Do not go gentle into that good night
Old age should burn and rave at close of day
Grave men, near death, who see with blinding sight
Blind eyes could blaze like meteors and be gay
Do not go gentle into that good night
Rage, rage against the dying of the light

Dylan Thomas

i. within

"It could still be another way, you know," Edward says as he and Bella are lying on her bed in his room just looking at each other thoughtfully.

Bella laughs, though there is no real amusement behind it. "We're getting married in two days and you want to back out now?"

He smiles. "Of course I don't want to back out of marrying you. That may be the only thing that will convince you I'm not going anywhere. No matter how ever change."

She frowns at him, realizing what this is about. "I'm not the one stopping us from being together as a teenager and granny in sixty years. It's you."

He raises an eyebrow. "I'm afraid you have to explain that."

"You've made it quite clear how well you're going to handle it if I die," she says, trying to put as much mocking sarcasm in her tone as she can. "So how could I do anything but promise to stay with you forever?"

She is smiling, idly running a finger along his collarbone inside the open collar of his shirt, but he finds himself unable to smile back. Is this how it is? Still? He just looks back at her seriously, not able to say it. She's right. They are getting married in two days and they've made all the necessary arrangements to make it look like they're going to live in Alaska two weeks after that. There can't possibly be any stopping her now.

"Edward," she says softly, nestling herself closer to him with her face buried against him under his chin. "You know something could still happen to me. I've only known your family for a couple years and I've already seen more than enough to show me you're pretty capable of making enemies. And - "

"Oh, Bella," he interrupts, smoothing a hand down her back, "you don't have anything to be afraid of. Surely you've also seen enough to show you that we look out for each other in this family. I'd never let anything happen - "

"That's not what I'm worried about," she says in a slightly exasperated voice. "I just . . . I wish more than anything, even more than I want to be with you for the rest of my entire existence, that I could just know you'll be okay even if something ever does happen to me."

"I would be fine," he promises. "Granted I . . . could somehow find relief from my suffering soon afterwards."

She sighs heavily. "That doesn't help at all."

"I'm sorry, love. What do you want me to tell you? That I could just one day stop being incomplete without you? I can't say that. When you become one of us, you'll understand how these things are unfortunately different for our kind. I will never be able to stop needing you exactly as much as I do now. And I would never stop mourning you."

She pulls back away from him a little so she can look up at him, directly into his eyes. "But I'd never stop being a part of you," she tells him firmly. "If I died and you went on living, you would continue to carry the most important part of me with you. Because it's so set in stone and never-changing, your love will always make me more immortal than anything. That's how I've started to see it. And you know what else?" She takes one of his hands and places it over her heart. "You can't tell me you have no soul. Because I know you do; I have it with me right here. Even if I'm the only thing in the world that redeems you for what you are, I'm going to take care of it."

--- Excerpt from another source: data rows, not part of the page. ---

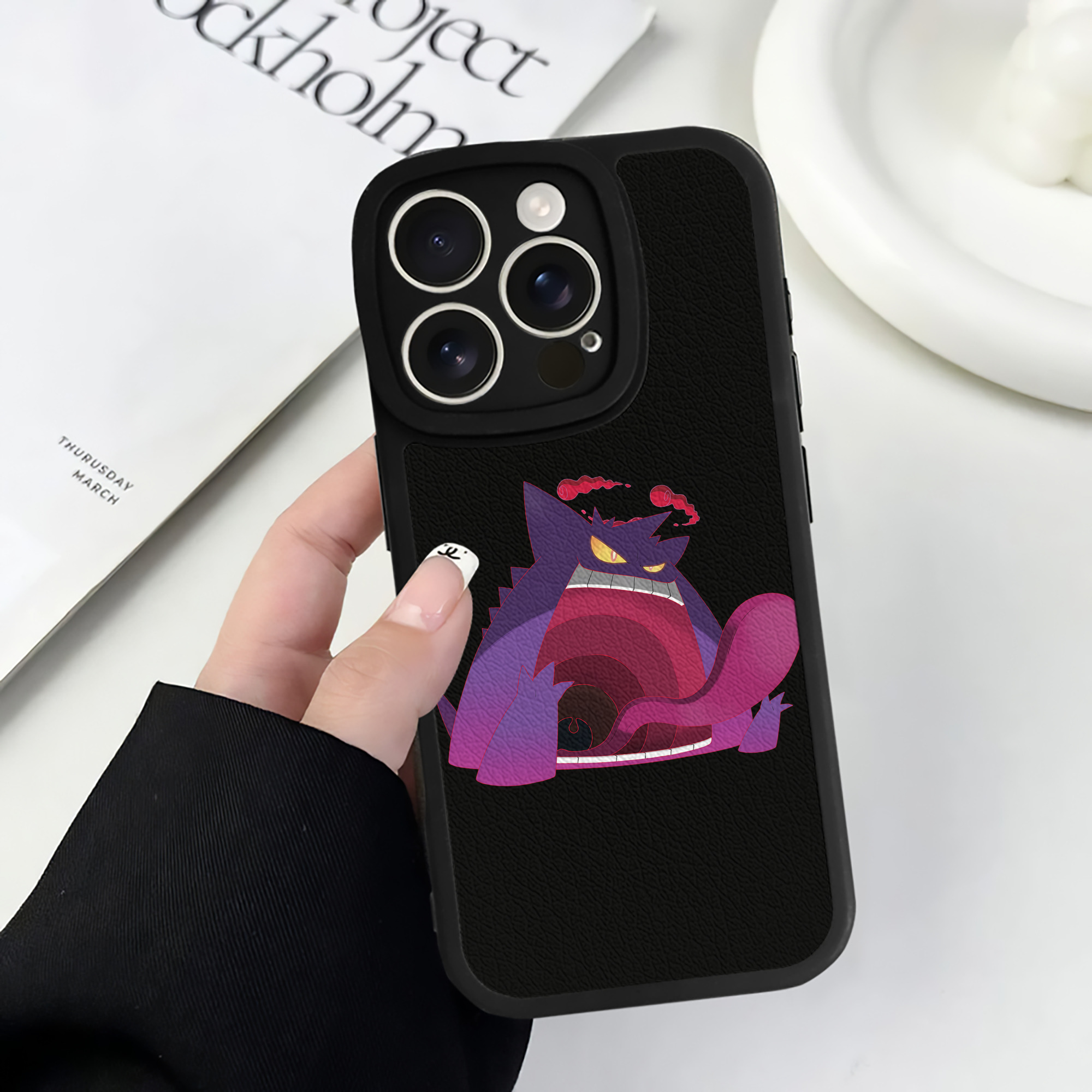 （画像用） ポケットモンスター Pokémon 【iPhone 16シリーズ対応】シリコンスマホケース（レザー調） 材質：シリコン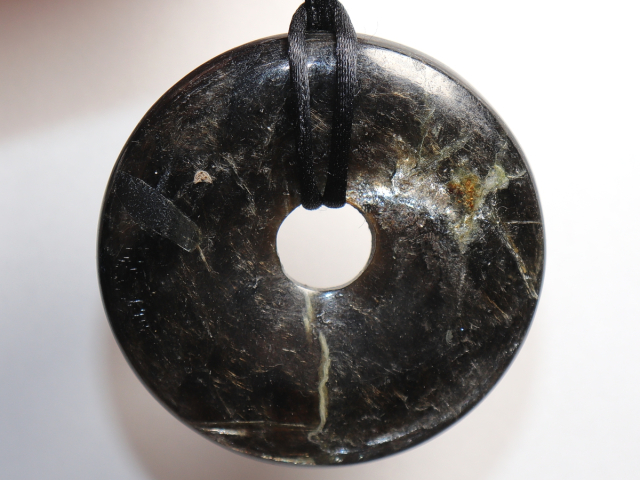 Preview: muscovite with cord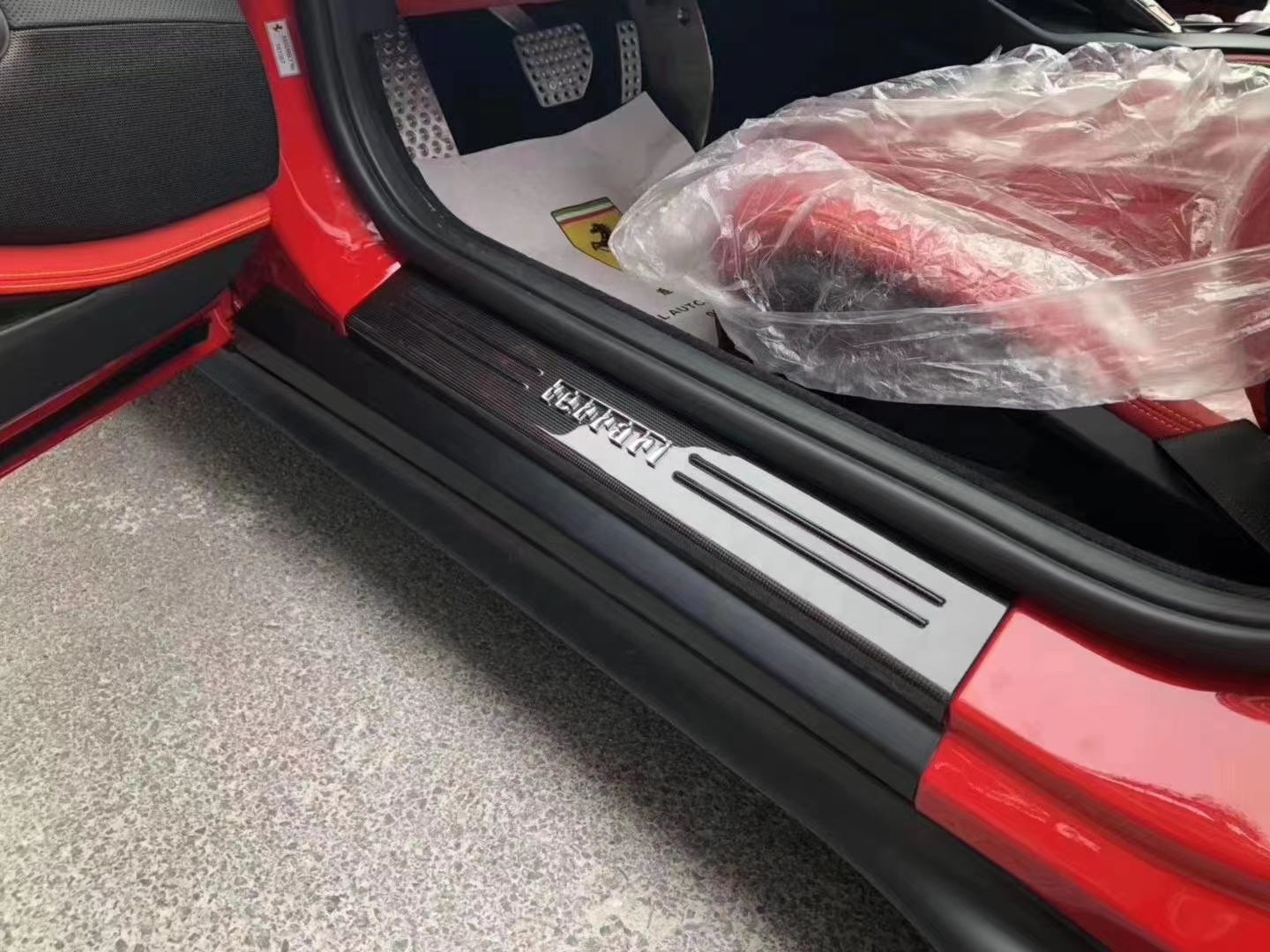 Ferrari SF90 Dry carbon fiber Door Sill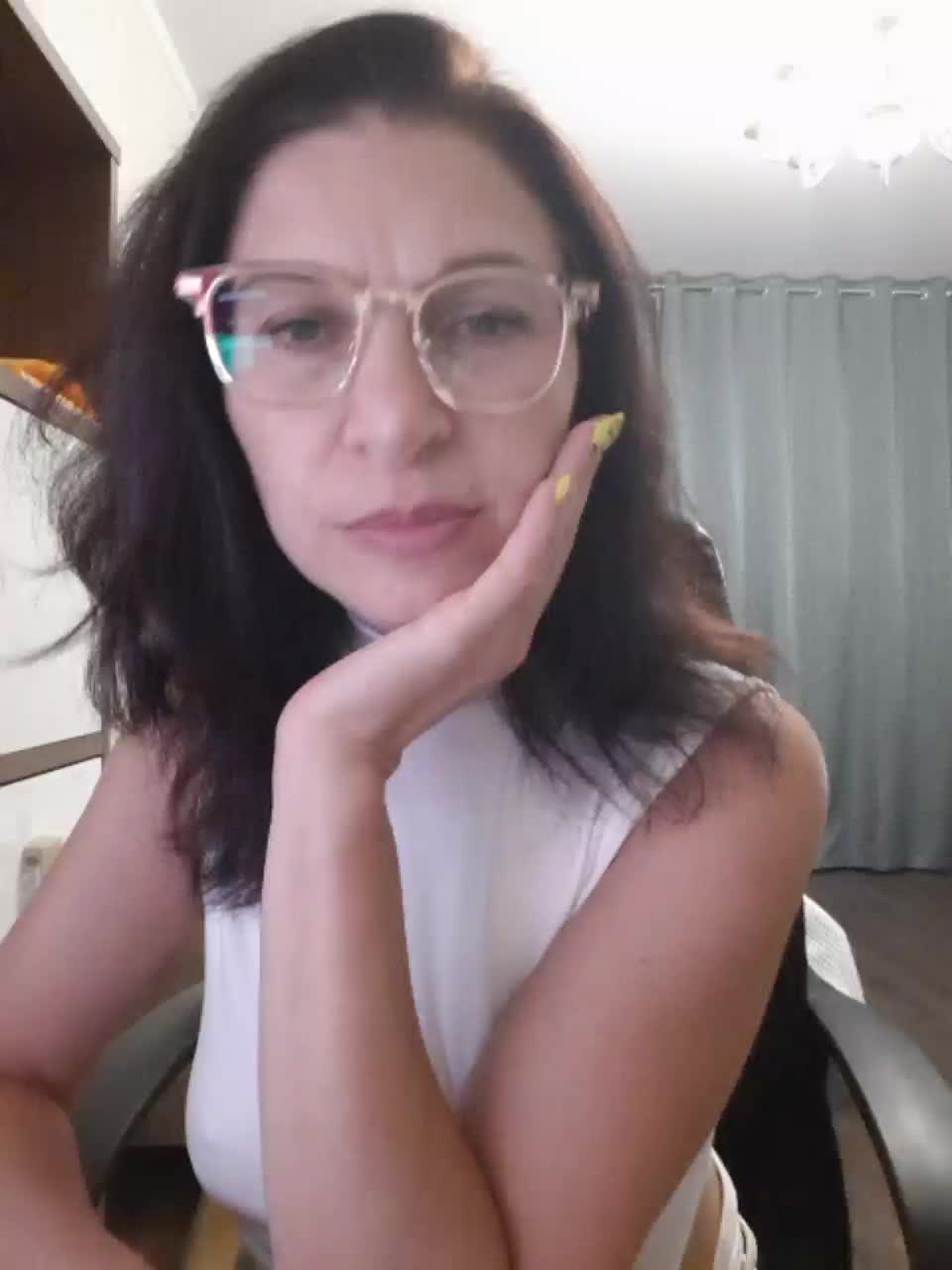 IriskaMai Adult Chat August 13, 2025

An unreadable, intense look crosses over Edward's face. He takes her face in both his hands and kisses her forehead with his eyes squeezed closed almost like he's in pain, and then he puts another delicate kiss on each of her closed eyelids, his lips cool as metal. She feels like a dead body being burned with coins placed over each of her eyes for her to pay the ferryman to take her across the river Styx. A shiver goes down her back, but not from the cold sensation; it is like the sudden thrill and fluttering of your heartbeat when your car in a rollercoaster starts moving and you suddenly hope you're strapped in right, that this is a good idea. Here we go, she thinks darkly.